Provided records —
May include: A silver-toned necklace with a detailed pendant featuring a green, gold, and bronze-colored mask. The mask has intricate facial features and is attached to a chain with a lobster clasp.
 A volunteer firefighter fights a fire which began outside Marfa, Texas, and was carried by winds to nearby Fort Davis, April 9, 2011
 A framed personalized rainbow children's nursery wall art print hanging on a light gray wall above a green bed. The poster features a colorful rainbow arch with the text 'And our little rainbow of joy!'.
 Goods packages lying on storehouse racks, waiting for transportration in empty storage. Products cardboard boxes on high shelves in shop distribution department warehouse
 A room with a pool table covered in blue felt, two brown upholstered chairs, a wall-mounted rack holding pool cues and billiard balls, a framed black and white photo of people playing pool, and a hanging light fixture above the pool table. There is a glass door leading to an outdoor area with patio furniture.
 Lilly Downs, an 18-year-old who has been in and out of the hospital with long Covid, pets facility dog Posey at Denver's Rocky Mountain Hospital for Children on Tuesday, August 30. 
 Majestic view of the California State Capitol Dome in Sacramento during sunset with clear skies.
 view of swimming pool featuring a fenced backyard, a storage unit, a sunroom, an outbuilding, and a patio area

Task details —
Only certain lines are wanted. Please return exactly those from the top of the data through the line with "A framed personalized".

Response to the task —
May include: A silver-toned necklace with a detailed pendant featuring a green, gold, and bronze-colored mask. The mask has intricate facial features and is attached to a chain with a lobster clasp.
 A volunteer firefighter fights a fire which began outside Marfa, Texas, and was carried by winds to nearby Fort Davis, April 9, 2011
 A framed personalized rainbow children's nursery wall art print hanging on a light gray wall above a green bed. The poster features a colorful rainbow arch with the text 'And our little rainbow of joy!'.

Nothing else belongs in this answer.